Nitish has 3 trousers (black, blue, brown) and 4 shirts (1 black, 3 white). In the dark he randomly picks one shirt–trouser pair. What is the probability that neither the shirt nor the trouser is black?

Difficulty: Easy

Correct Answer: 1/2

Explanation:


Introduction / Context:
This is a simple independent choice problem: one trouser is chosen from 3, and one shirt from 4, with equal likelihood.

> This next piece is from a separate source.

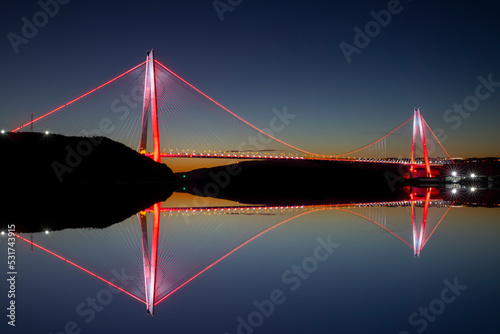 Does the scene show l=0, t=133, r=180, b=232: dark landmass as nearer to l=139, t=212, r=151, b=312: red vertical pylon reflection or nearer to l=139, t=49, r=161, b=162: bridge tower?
l=139, t=49, r=161, b=162: bridge tower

We need the probability that both chosen items are non-black.



Given Data / Assumptions:

  • Trousers: {black, blue, brown} → 2 non-black out of 3.
  • Shirts: {black, white, white, white} → 3 non-black out of 4.
  • Choices are independent (one trouser and one shirt).


Concept / Approach:
P(neither black) = P(non-black trouser) * P(non-black shirt) = (2/3) * (3/4).



Step-by-Step Solution:
(2/3) * (3/4) = 6/12 = 1/2.



Verification / Alternative check:
Total outfit combinations = 3*4 = 12. Non-black trouser (2 choices) with non-black shirt (3 choices) = 6 combinations → 6/12 = 1/2.



Why Other Options Are Wrong:
1/12 and 1/6 are much too small; 1/4 ignores the independence product.



Common Pitfalls:
Counting only white shirts as non-black but forgetting there are three of them.